Pada kondisi demikian, saya sedikit berimprovisasi, dan itu bagian dari “pemberontakan demi kebebasan yang lebih” yang diinginkan oleh Szeeman pada 1969 ketika memutuskan hengkang dari museum tempat ia bekerja sejak 1961. Improvisasi yang saya lakukan adalah riset mandiri untuk mendapatkan imajinasi, ide, dan gagasan yang mungkin akan bisa memperbaiki alur cerita yang lebih baik dari rencana semula, tanpa banyak melakukan perubahan secara fisik. Kendala utama saya sebagai kurator pada saat itu adalah waktu. Saya tidak memiliki banyak waktu, sehingga harus menyusun detail konsep tata pamer sambil secara parallel melakukan pengumpulan dan atau penambahan materi yang dibutuhkan untuk penyusunan tata pamer. Berikutnya, untuk mempermudah pelaksanaan pekerjaan secara teknis saya membagi pengadaan materi pamer museum dalam tiga bagian pekerjaan, yaitu:
1. Pekerjaan desain grafis museum.
2. Pekerjaan artwork museum, termasuk di dalamnya pengadaan koleksi benda pamer, baik artefak bersejarah yang aseli maupun replika.

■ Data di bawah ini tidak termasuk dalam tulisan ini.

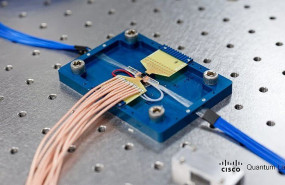 ep dispositivo de cisco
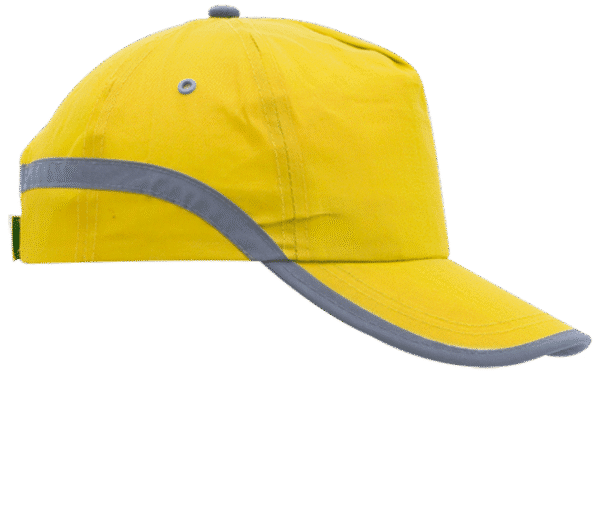 Gorra Tarea - Imagen 11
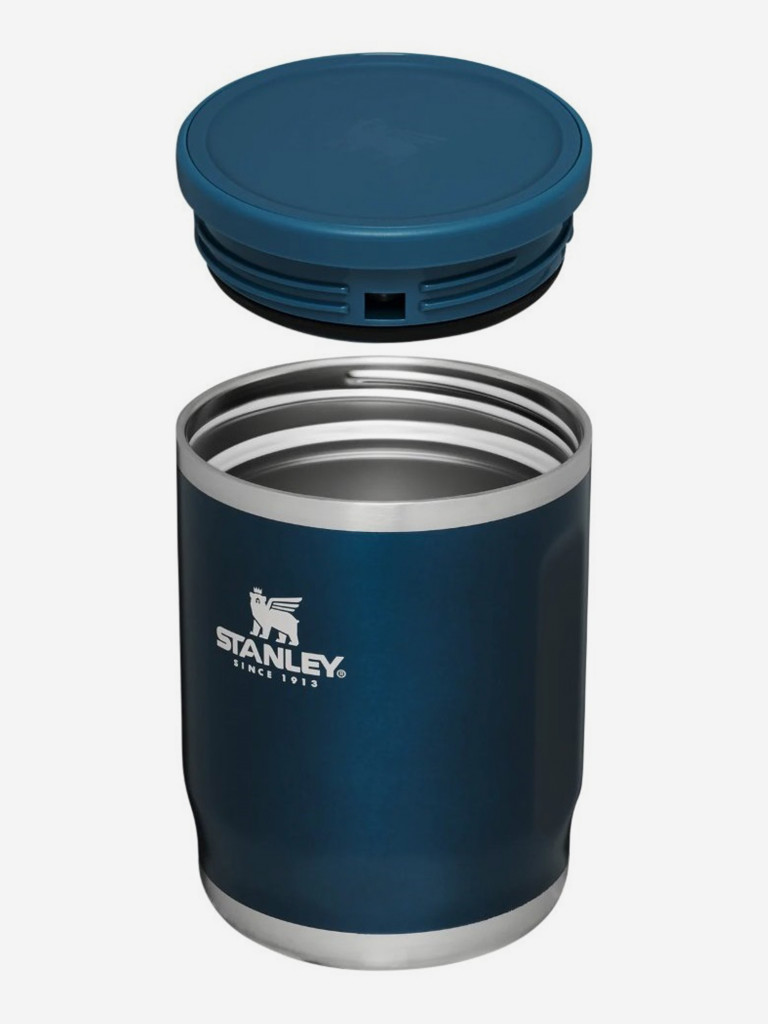 Термос для еды Stanley Adventure 530 мл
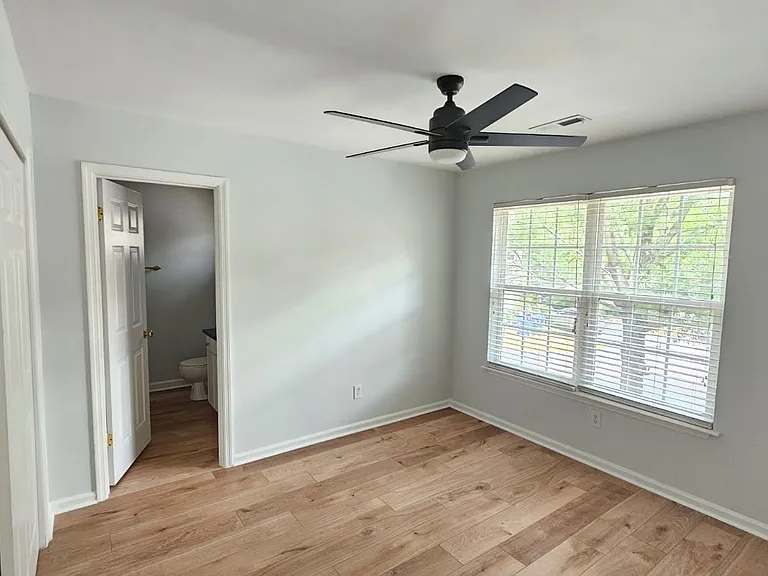 1058 Planters Pl — Photo 5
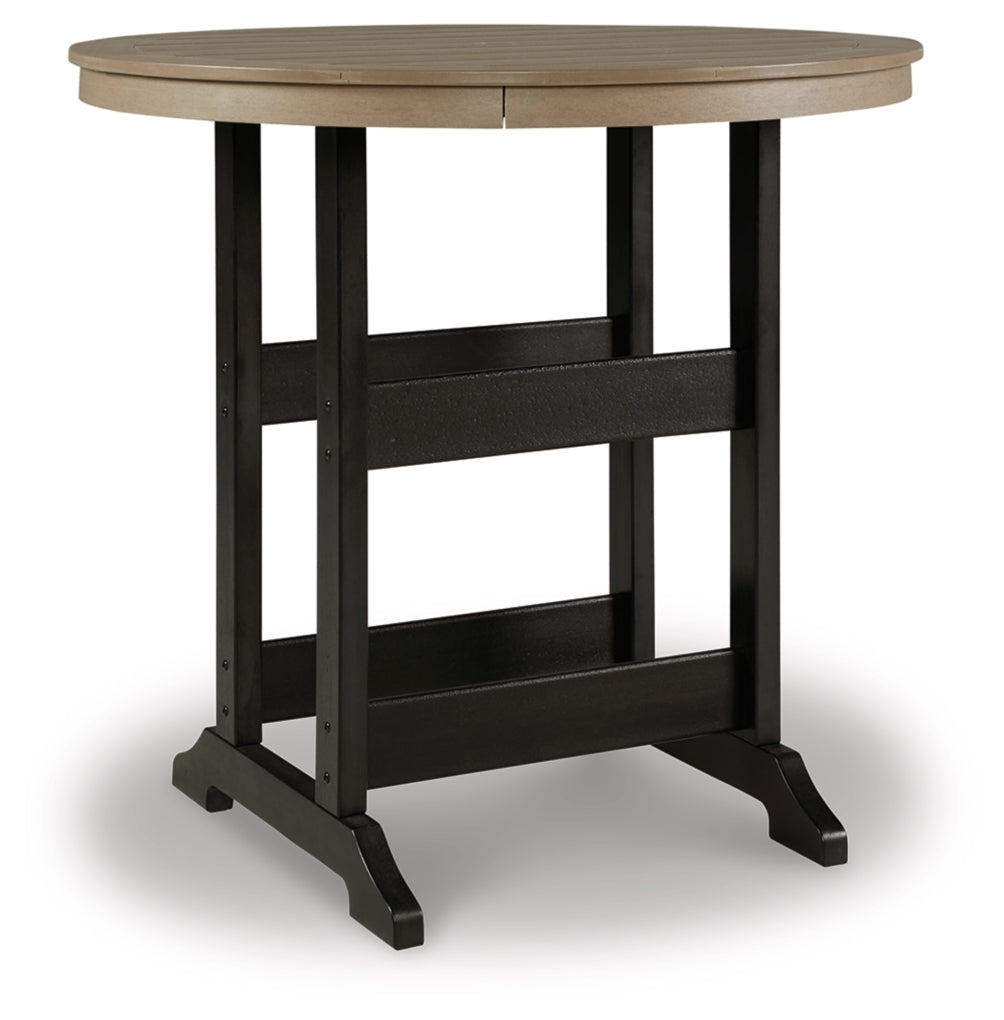 Bar Tables Ashley Furniture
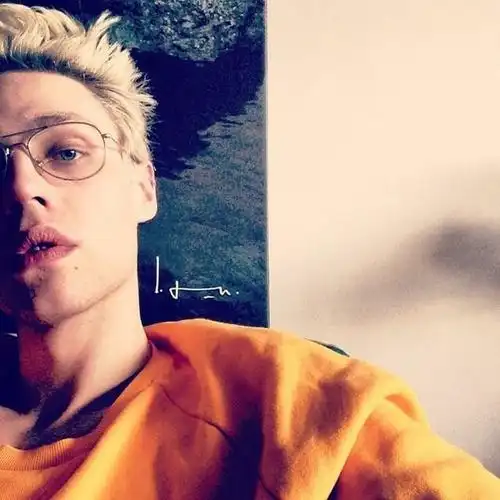 6686体育平台首席作者Willow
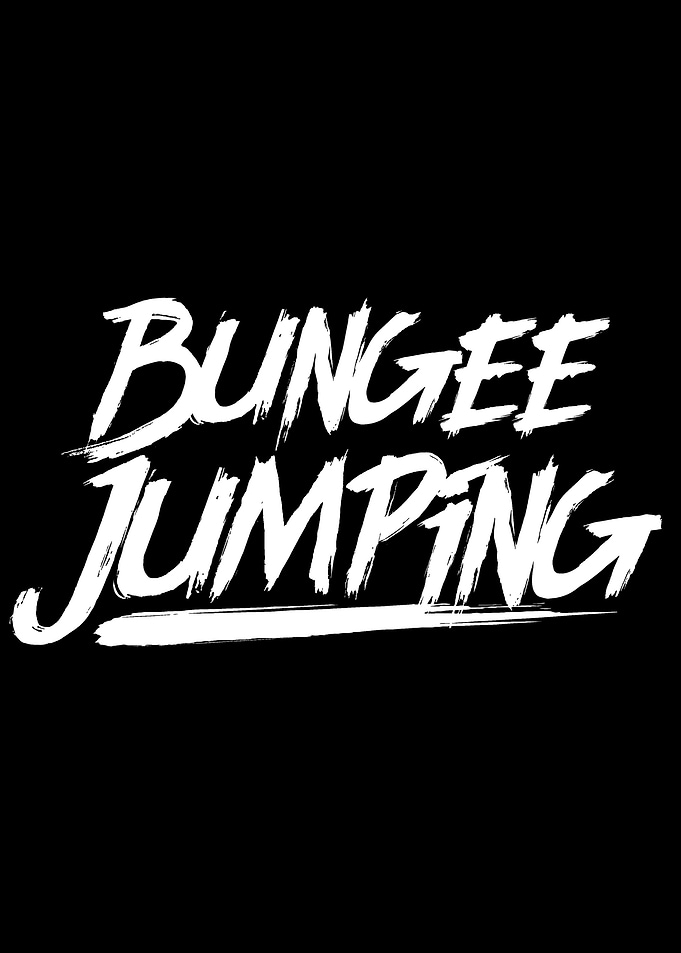 Bungee Jumping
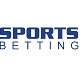 sports betting.ag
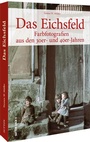 Cover: Das Eichsfeld - Sutton
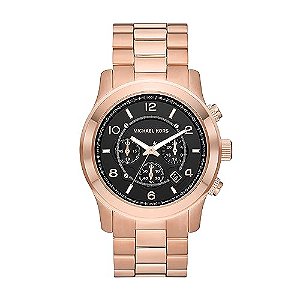 Relógio Masculino Michael Kors MK9123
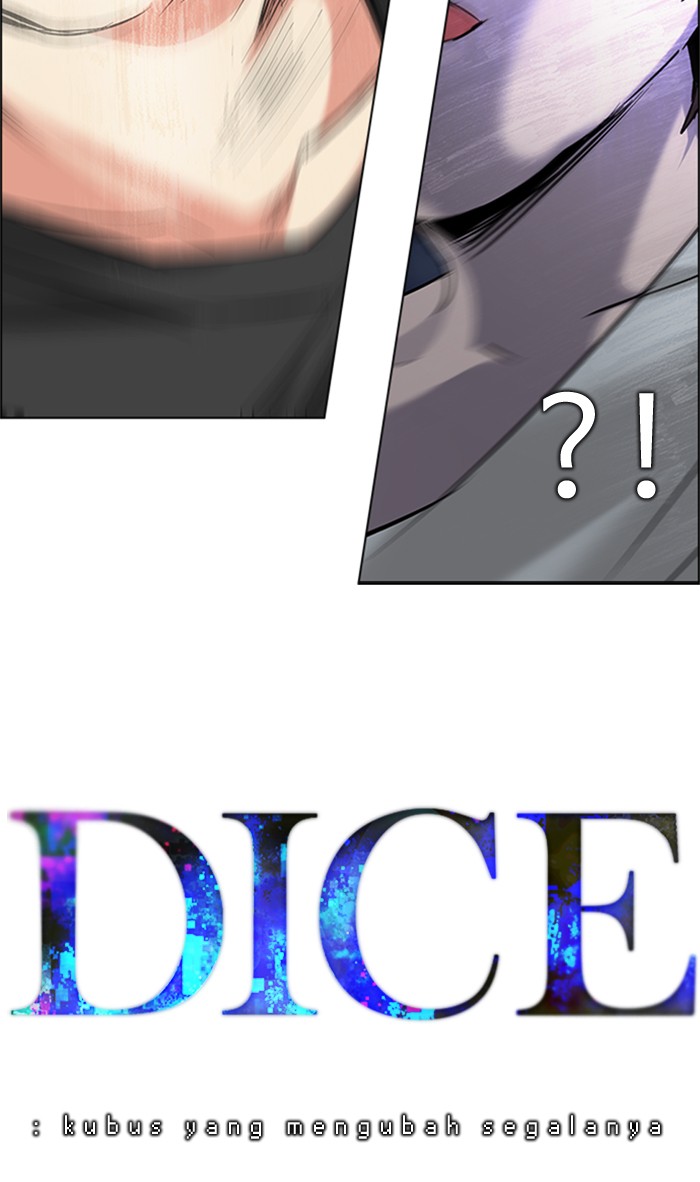Dice Chapter 197 Gambar 6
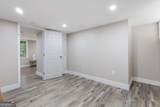 2276 Skyline Drive - Photo 26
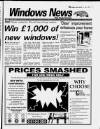 Bebington News Wednesday 31 July 1996 Page 37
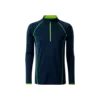 Long Sleeve Sportshirt Tumnagel bild 9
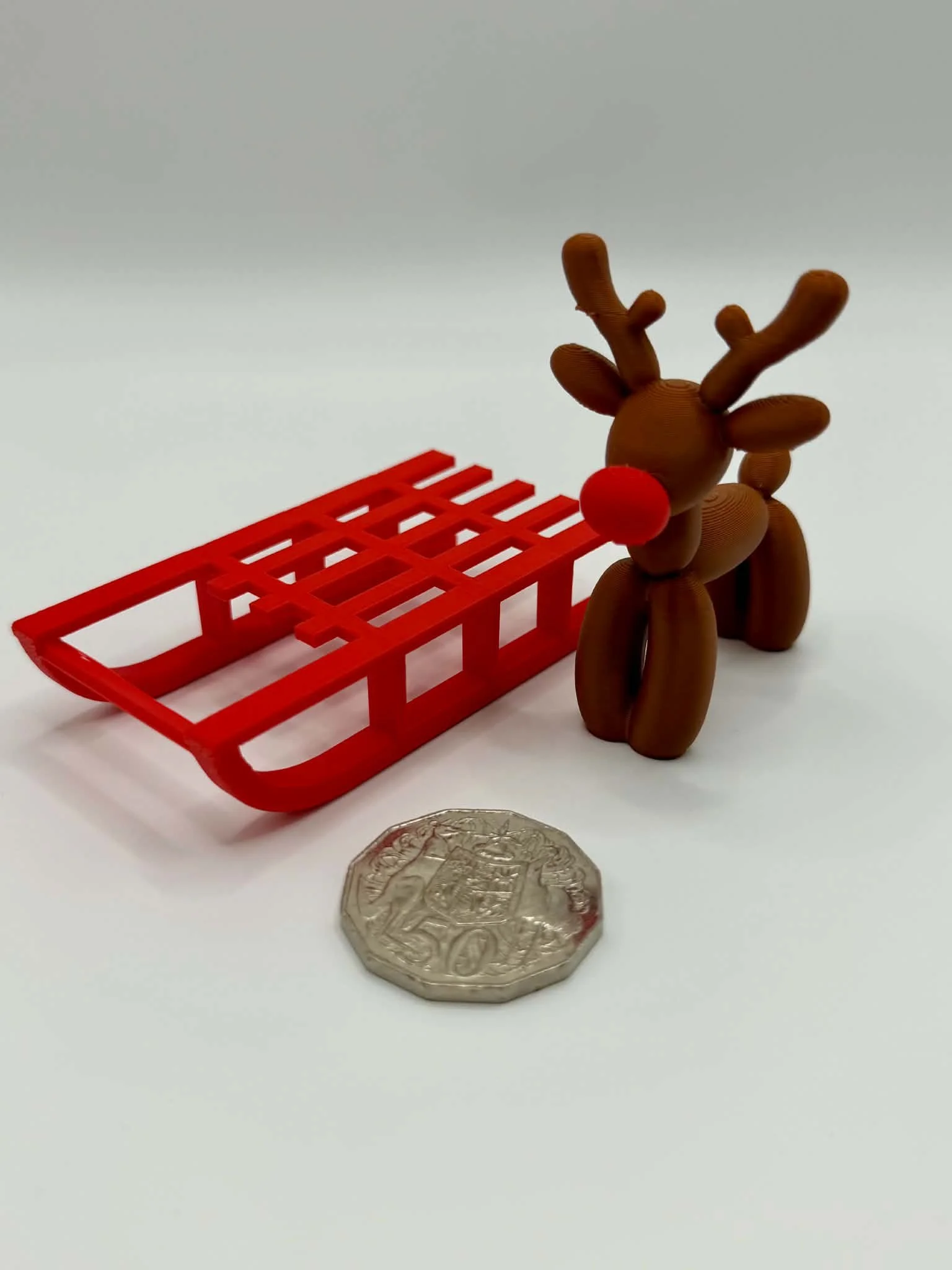 reindeer and sled.jpg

3. Pekerjaan konten untuk materi tayangan multimedia.
Selain itu, untuk panduan sementara, berdasarkan dokumen Laporan Akhir Alur Cerita dan Bahan Materi/Arsip/Artefak/ dan Barang Peninggalan Sejarah sebagai Koleksi Museum saya susun draft denah museum sebagai berikut:
Berdasarkan draft denah tersebut, kurator bekerja melengkapi berbagai bahan row materialyang dibutuhkan dalam menyusun materi pamer yang telah ditetapkan dalam tiga jenis tersebut, yaitu materi pamer grafis; materi pamer artwork yang meliputi berbagai display koleksi barang aseli atau replika, minidiorama, maket, diorama ruang, patung, dan berbagai bentuk pamer yang menggunakan campuran berbagai media; dan konten tayangan multimedia, berupa video mapping, slide gambar pada layar sentuh, atau film dokumenter berdurasi singkat yang diputar secara terus menerus.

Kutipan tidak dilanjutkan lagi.